▸ Try it: Copy out the line bearing "Children age 3 and below Collection item 3" and all the lines after it, to the very end of the material below, exactly as written.

▸ Material provided:

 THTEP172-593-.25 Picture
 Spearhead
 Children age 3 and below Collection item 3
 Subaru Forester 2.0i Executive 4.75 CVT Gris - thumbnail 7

▸ Answer space:
 Children age 3 and below Collection item 3
 Subaru Forester 2.0i Executive 4.75 CVT Gris - thumbnail 7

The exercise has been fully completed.